Coral World's would be better, she said.
"Our goal is to be better than Sea World," said Lee Kellar, Coral World's general curator.
Coral World's exhibit would provide a space of about 75,000 square feet of water, 10 times the size of what regulations currently require for the dolphins.
The 2-acre exhibit would be on the south side of Coral World's property, projecting out into Water Bay.
The CZM permit application - an amendment to Coral World's current lease - contains a land swap, in which Coral World would give back to the V.I. government about 28,000 square feet of shallow water in exchange for a different 28,000 square feet of water that is deep enough to allow dolphins to occupy it.
Despite the seeming enthusiasm of senators, the deal is not yet done, leaving some of its opponents hopeful.
Four people showed up Monday evening to offer reasons why the facility should not be built, primarily concerns about the environmental effects that such a facility would have on Water Bay.
Opponents argued that the waste from the dolphins would disrupt the natural ecosystem, and that it would also increase the amount of waste disposed by people visiting.
"Our environment is so much easier to destroy than it is to replace," said Fiona Stuart, one of the opponents.

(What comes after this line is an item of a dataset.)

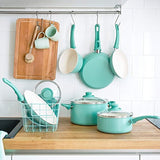 GreenLife Soft Grip 16pc Ceramic Non-Stick Cookware Set, Turquoise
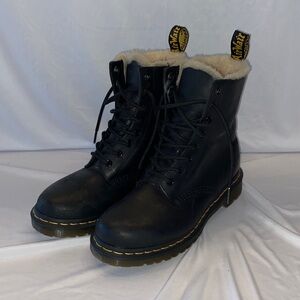 Dr. Martens Black Leather Lace-Up Boots with Cream Shearling Lining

Others also said that it is inhumane to keep dolphins contained, though Prior assured the committee that the dolphins will be born into a captive environment, and Coral World will not take any animals from the wild.

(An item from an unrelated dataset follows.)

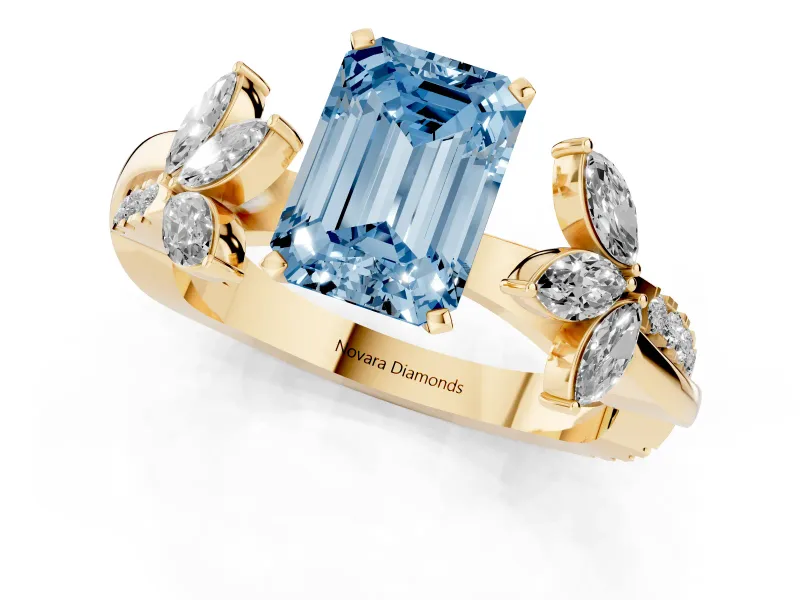 Emerald Cut Floral Vine Engagement Ring Setting for a Fancy Blue Lab-Grown Diamond | Yellow Gold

Prior also noted that assessments done by the V.I. Department of Planning and Natural Resources indicated that the effect on water quality in the bay would not be drastic. Additionally, the exhibit would be built so as to allow the water to flow in and out of it naturally.
"It's a big open space," Kellar said, noting that the space would be confined by netting, rather than glass or concrete.
Coral World officials have said previously that the enclosure will be built to withstand a Category 5 hurricane.
The plans for the exhibit include an observation area; a "maternity ward," where pregnant and nursing dolphins could be enclosed; a medical ward; and a "sanctuary," where the dolphins would be able to get away from the observation of people.
If the full Senate approves the amendment, Coral World also would need to seek a permit from the Army Corps of Engineers approving the design.
Once the enclosure is built, the U.S. Department of Agriculture also will need to approve the facility before Coral World can bring in the dolphins.
Then, the National Oceanic and Atmospheric Administration's National Marine Fisheries would need to approve an import permit for the dolphins.
And, then Coral World has to pay for the dolphins, a cost that Prior did not want to disclose to the Senate committee.
"It's expensive," she said. "It's expensive."